### TASK OBJECTIVE
Take the lines below between the one holding "Fuzzy Letters Embroidered" and the one holding "Dorothy Perkins Womens", inclusive, and copy them exactly. Add nothing.

### DATA SUPPLIED
# # # # #
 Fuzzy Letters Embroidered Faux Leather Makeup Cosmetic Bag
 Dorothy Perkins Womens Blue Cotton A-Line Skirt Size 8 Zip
# # # # #
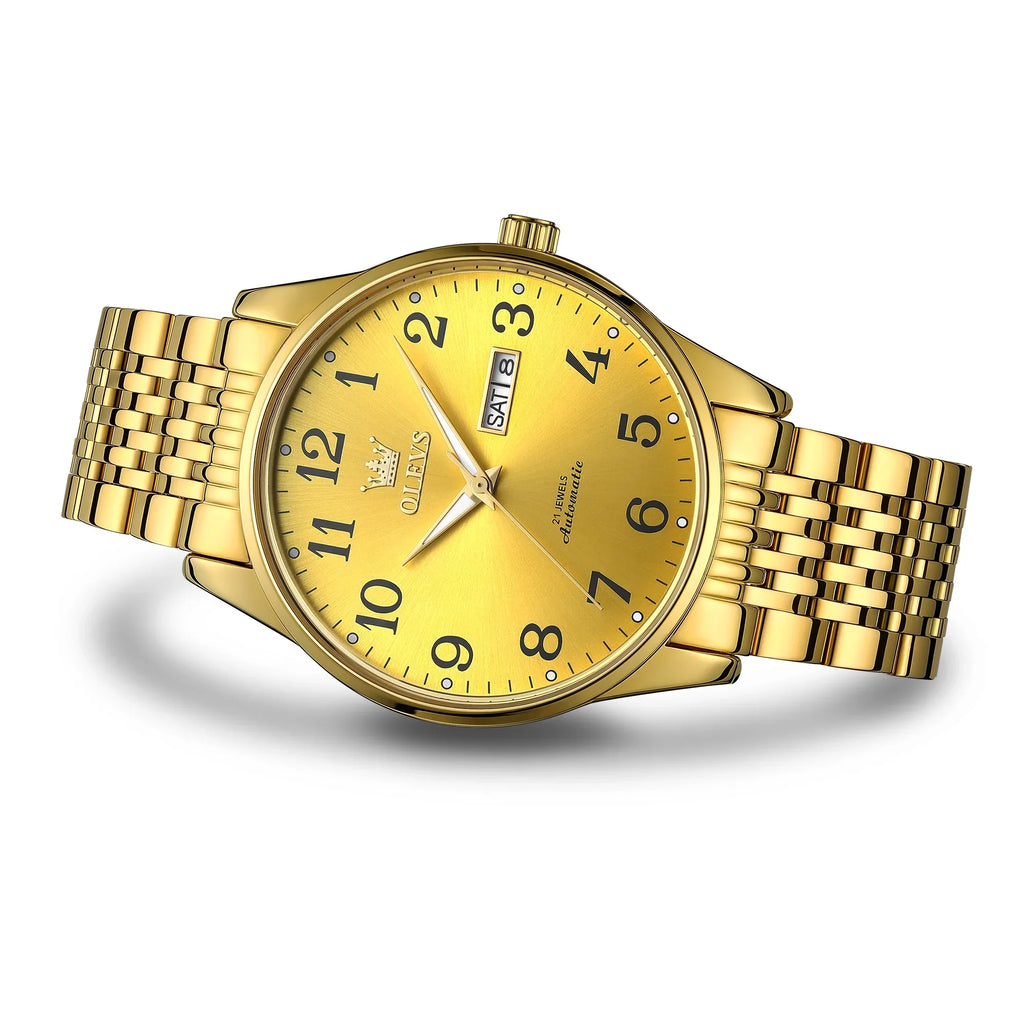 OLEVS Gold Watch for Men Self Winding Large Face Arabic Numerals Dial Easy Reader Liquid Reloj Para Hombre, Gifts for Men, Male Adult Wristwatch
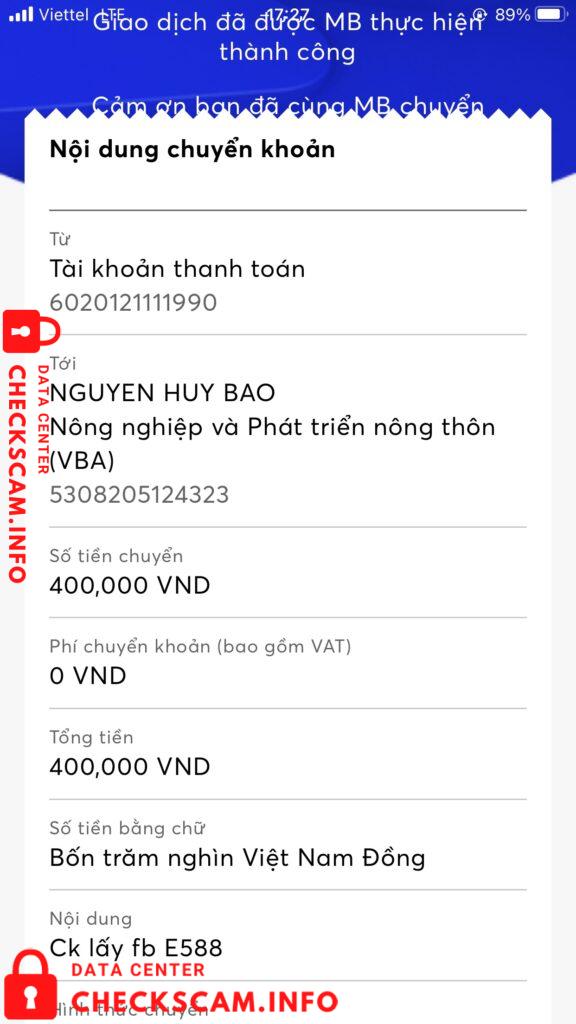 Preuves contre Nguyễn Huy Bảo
# # # # #
### OUTPUT OF THE EXERCISE
 Fuzzy Letters Embroidered Faux Leather Makeup Cosmetic Bag
 Dorothy Perkins Womens Blue Cotton A-Line Skirt Size 8 Zip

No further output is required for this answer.